No puedo explicar mi frustración en ese momento: acababa de perder a mi galga, no conseguía enterrarla y encima le había estropeado la instalación eléctrica a un amigo que, con mucho cariño y paciencia, me había prestado su jardín para que ella descansara allí en paz… Qué paz, pensé yo?! Eso no podía estar peor…

Volví a casa en tren, abatida, sabiendo que el cuerpo de mi galga pasaría la noche en un trastero hasta que volviera a amanecer. Pedro, por su parte, pasaría la noche sin luz, sin electricidad, sin calefacción, sin agua caliente…

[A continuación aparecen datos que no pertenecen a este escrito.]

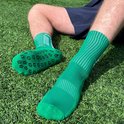 Homme assis sur l'herbe, portant des chaussettes vertes avec crampons et un short sombre.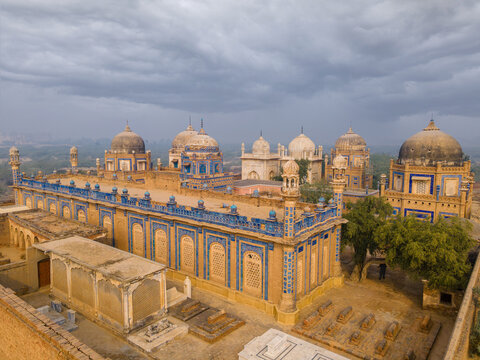 Aerial view of the historic tombs of royal families near Derawar Fort, featuring blue tile work, domed architecture, and desert landscape in Derawar, Punjab, Pakistan.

Era todo una verdadera pesadilla… Pero, para mi sorpresa, cuando retomamos la tarea la mañana siguiente todo aconteció de manera híper fluida, casi mágica. Increíblemente, en 20 minutos, el cuerpo de Quilla quedó perfectamente instalado. Pedro seguía sin electricidad, pero con la misma paciencia del día anterior… Estando ya de vuelta en casa seguí repitiéndome que nada de lo acontecido tenía sentido, que Quilla merecía vivir después de tanto sufrimiento… ¿Por qué tenía que marcharse justo entonces, cuando nos habíamos encontrado?

Horas después, Pedro me llamó por teléfono. Nunca olvidaré lo que me dijo: “Te llamo para que sepas que Quilla acaba de hacer su primer milagro”. Me explicó que, tras varias horas tratando de resolver el problema eléctrico que habíamos causado, había tenido que ir al punto de arranque de su instalación, en un edificio contiguo a su casa, al otro lado de su jardín. Era un sitio al que Pedro no habría ido en mucho tiempo si no fuera porque tenía que recuperar la electricidad… Una vez allí, su electricista y él descubrieron un cortocircuito latente (que nada tenía que ver con lo acontecido la noche anterior) que, en poco tiempo, habría hecho que todo se prendiera fuego. Al ser aquel sitio un depósito donde había mucha madera, telas, muebles, etc., el fuego se habría expandido rápidamente y habría alcanzado su casa sin él poder detenerlo.

Quilla, que ya descansaba en su jardín, lo llevó hasta el problema y lo ayudó a resolverlo. Quilla era un ángel de tan sólo un día, pero ya tenía en su curriculum un milagro… Para mí, que sentía que su partida era un sinsentido, todo se aclaró súbitamente.

Y aunque deseaba volver el tiempo atrás y que Quilla siguiera conmigo, en ese momento supe que tenía que rendirme a la vida y dejar de pensar que ésta era injusta conmigo. Sentí que era hora de darle crédito, de confiar en su sabiduría, de comenzar a transitarla sabiendo que todo tiene un “por qué” que no debemos cuestionar, sino simplemente esperar a que nos sea revelado, en el momento oportuno.

Cada día acontecen milagros en tu vida, sólo tienes que aprender a verlos. Si lo consigues, tu vida será mucho más mágica de lo que imaginabas que podía llegar a ser. Una pista: muchas veces, los milagros más grandes acontecen en tus peores momentos, te cobijan y te dan luz. Si abres los ojos de tu corazón, serás capaz de sentirlos y disfrutarlos.

Hace 5 años que Pedro también también está en el Cielo. Imagino que si encontró a Quilla, debe de haberle dado un fuerte abrazo y un “GRACIAS” muy grande, de corazón.